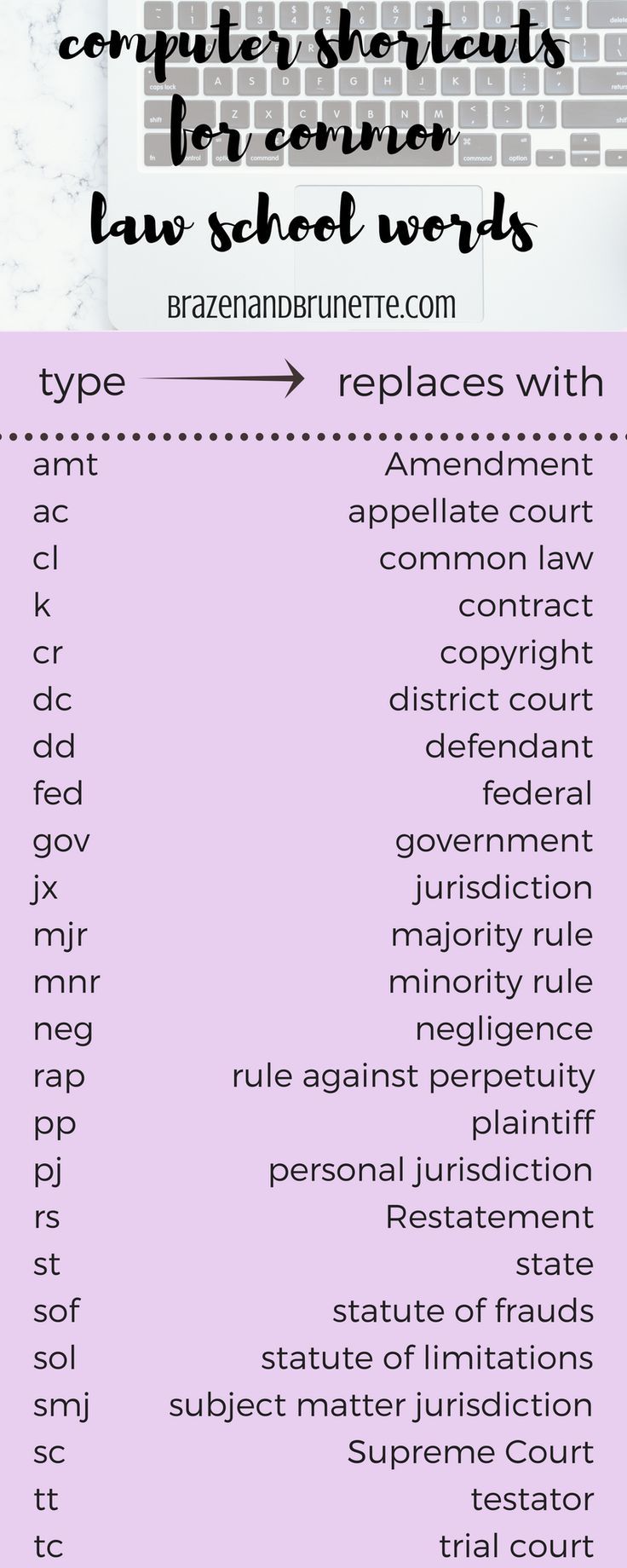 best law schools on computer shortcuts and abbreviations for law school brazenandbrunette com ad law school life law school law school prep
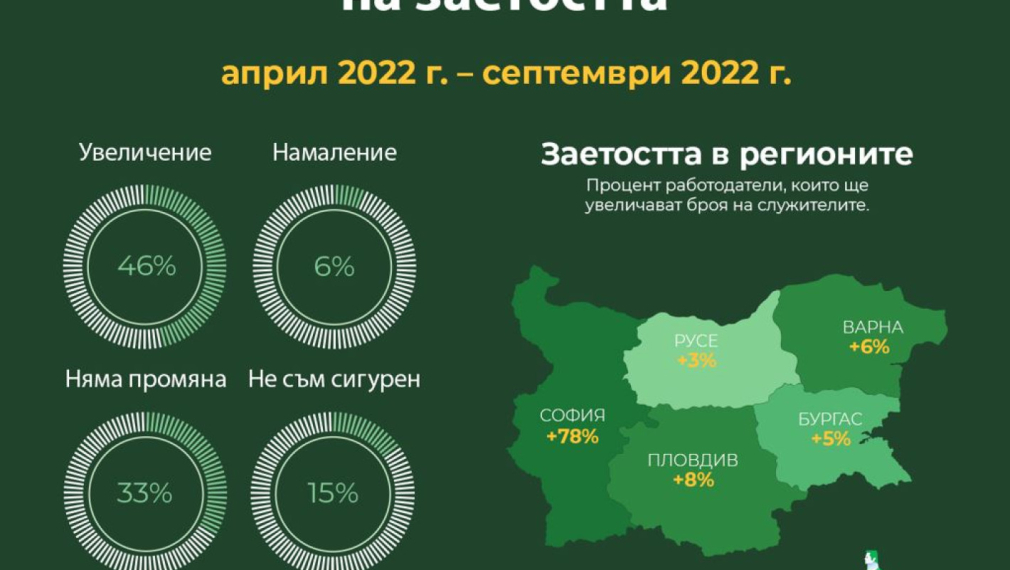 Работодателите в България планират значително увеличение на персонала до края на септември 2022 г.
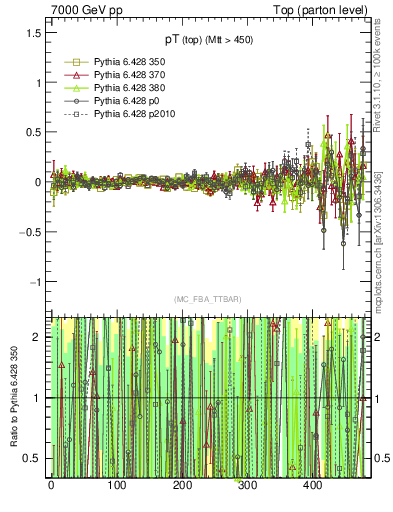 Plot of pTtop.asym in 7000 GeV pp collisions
*****
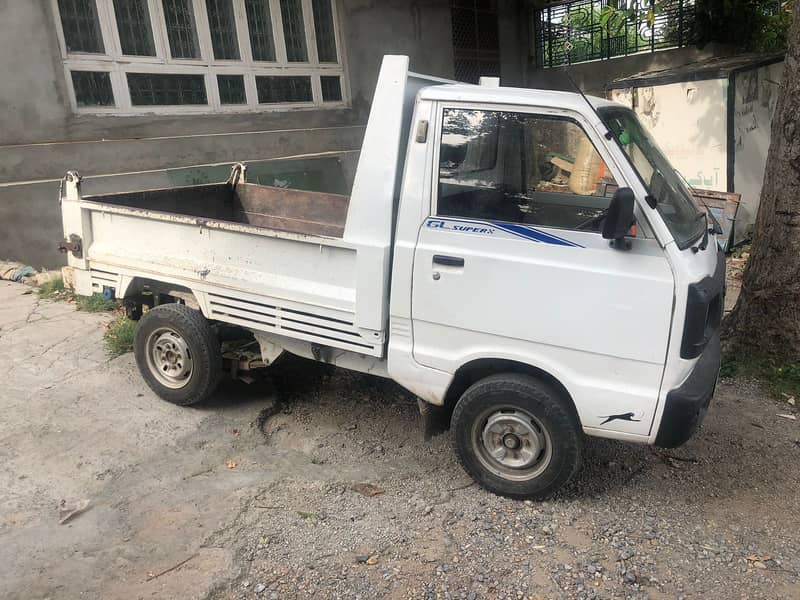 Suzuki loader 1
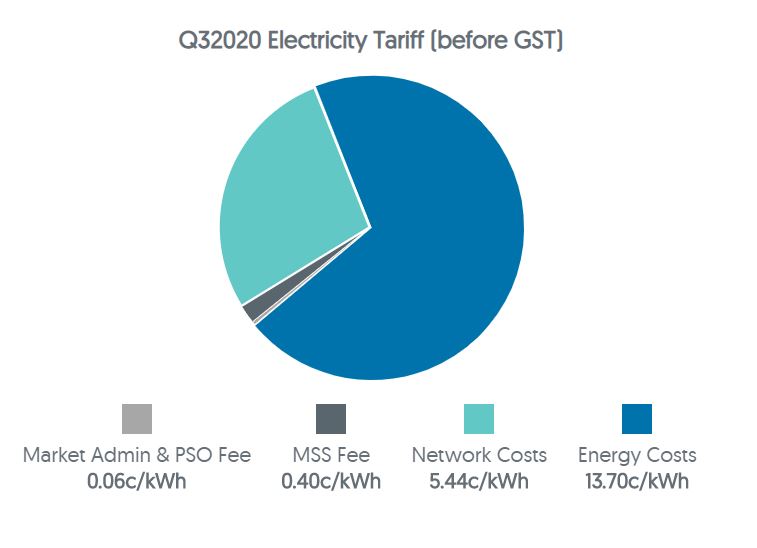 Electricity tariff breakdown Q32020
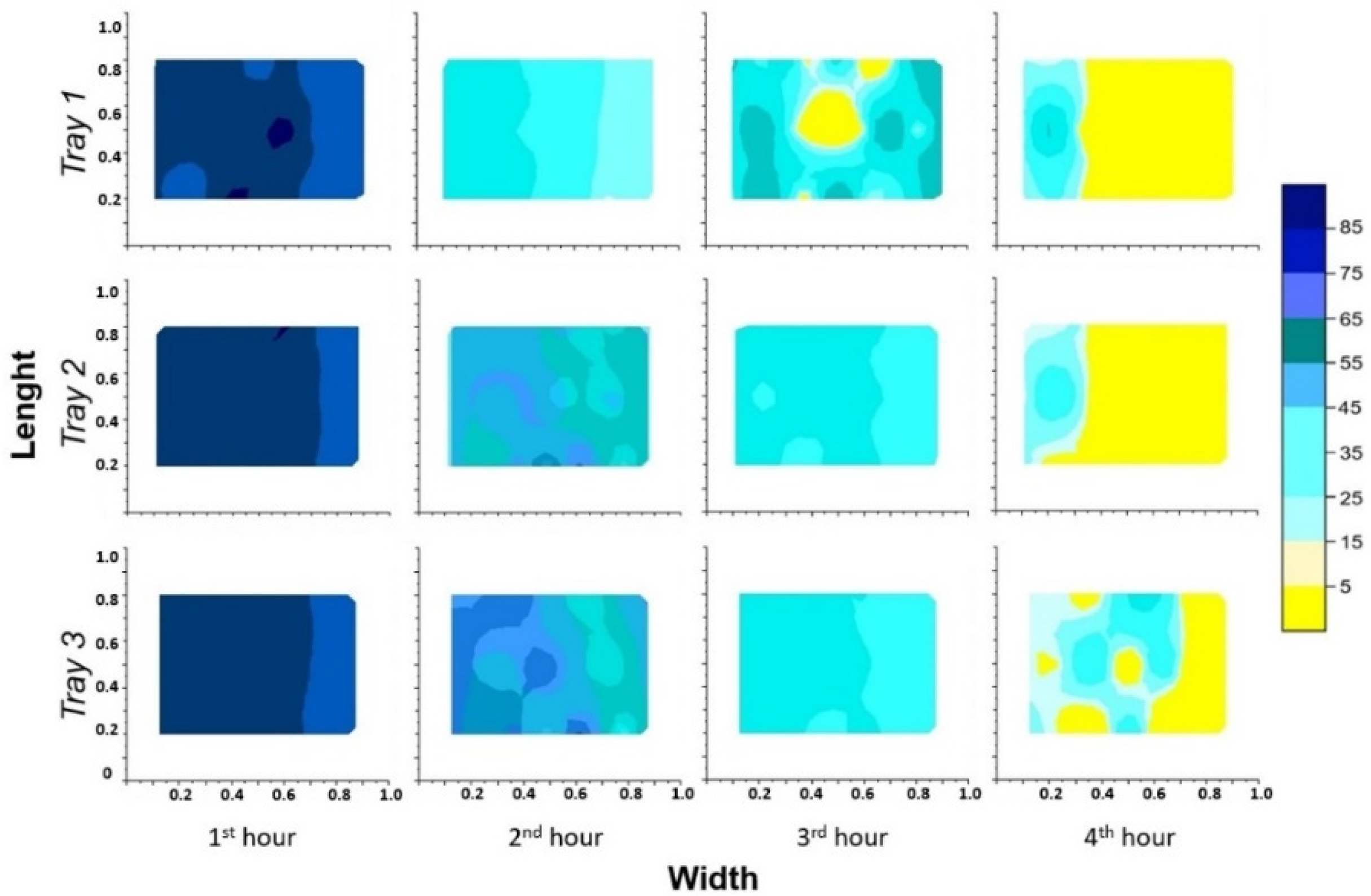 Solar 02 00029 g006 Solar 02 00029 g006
*****
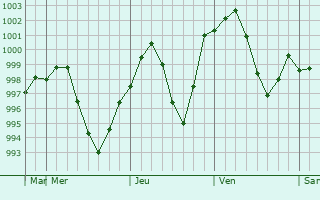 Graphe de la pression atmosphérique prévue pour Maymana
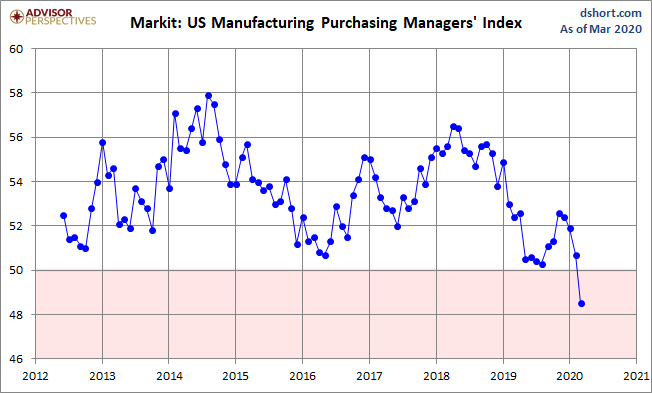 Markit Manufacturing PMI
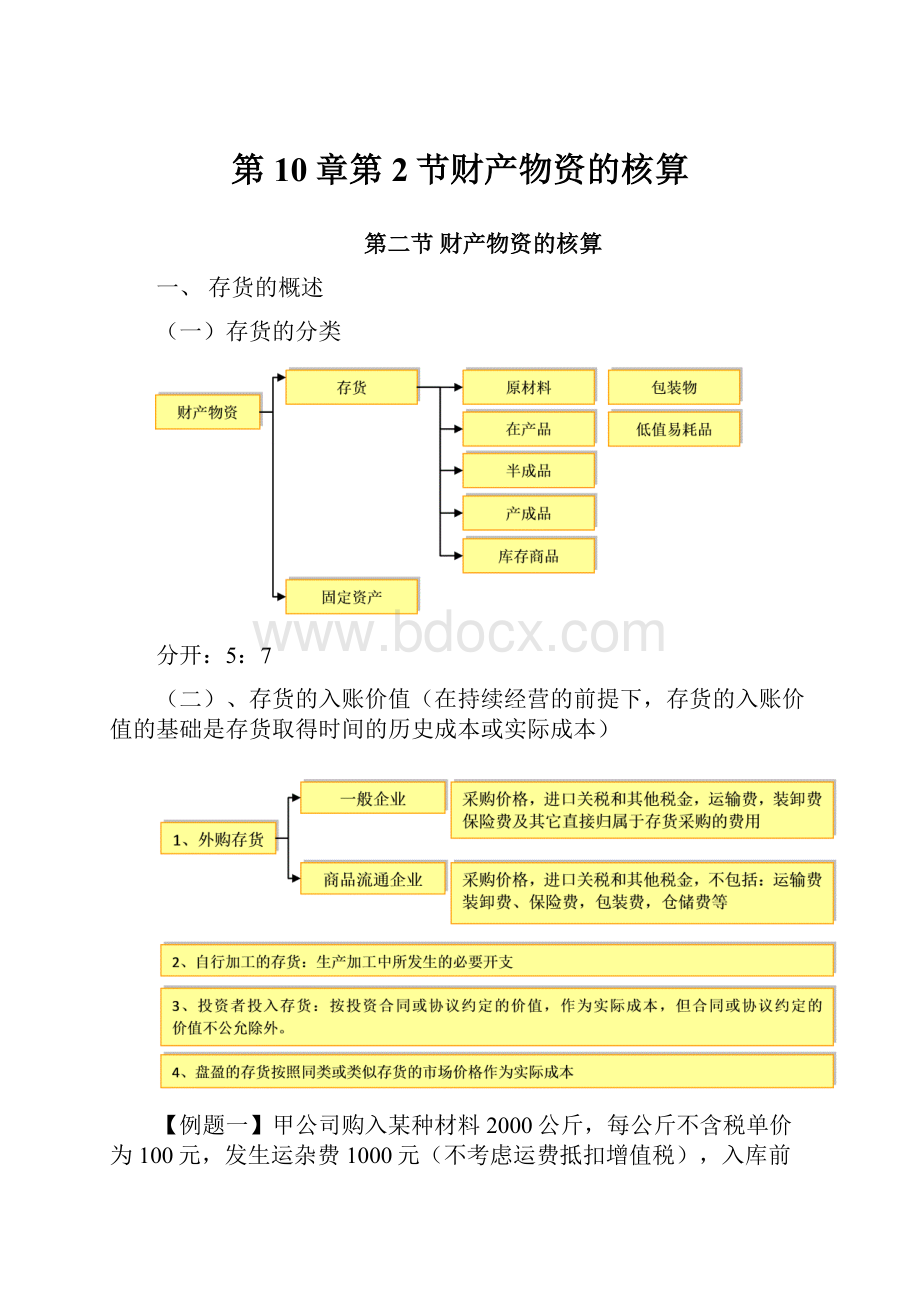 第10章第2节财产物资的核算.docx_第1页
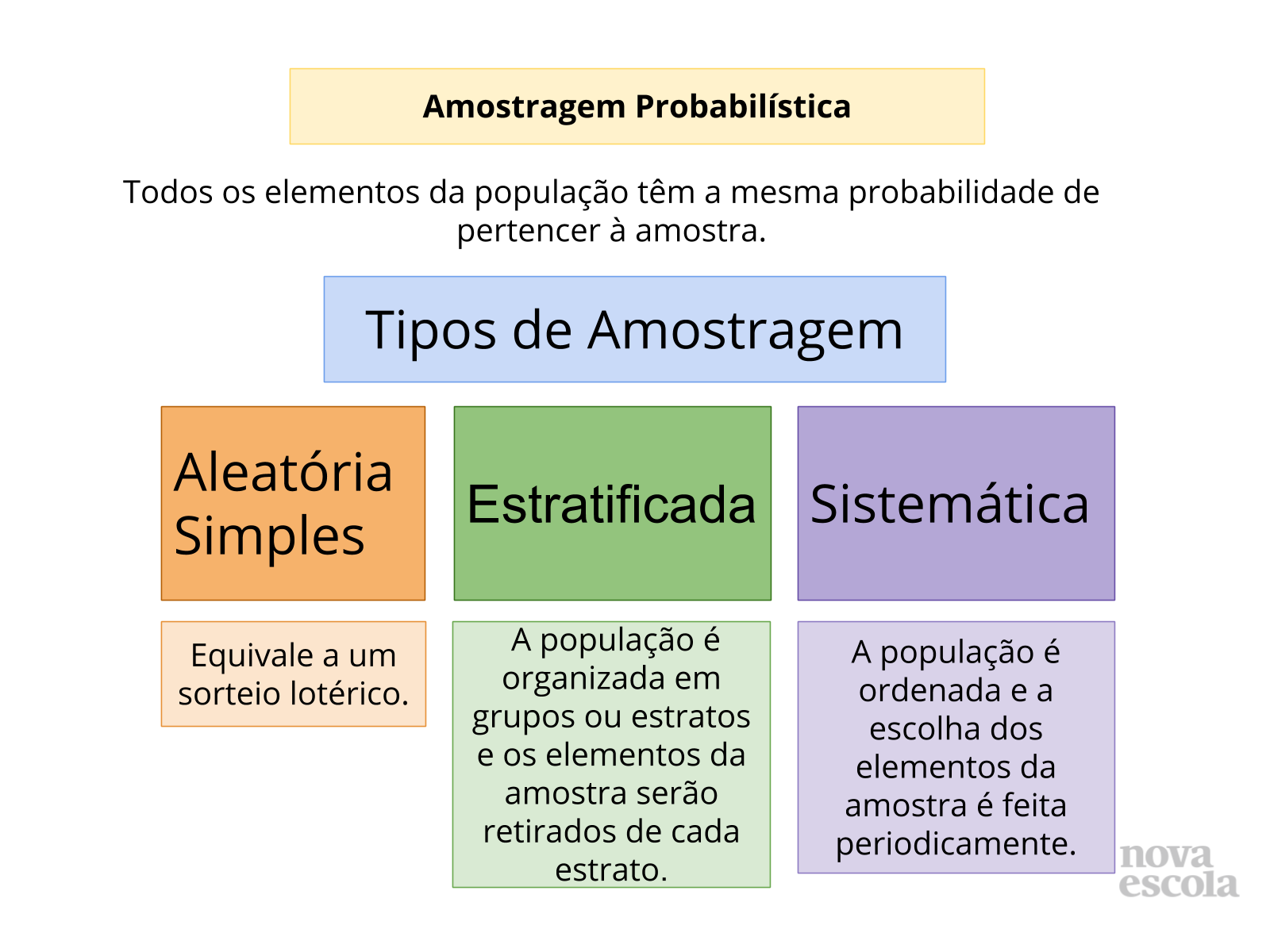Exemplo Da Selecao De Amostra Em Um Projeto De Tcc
*****
▶ _Your goal_: Pictures do not belong in the answer. Return the lines above starting at the one with "Graphe de la" and ending at the one with "Exemplo Da Selecao", both kept, exactly.

▶ _Task result_:
 Graphe de la pression atmosphérique prévue pour Maymana
 Markit Manufacturing PMI
 第10章第2节财产物资的核算.docx_第1页
Exemplo Da Selecao De Amostra Em Um Projeto De Tcc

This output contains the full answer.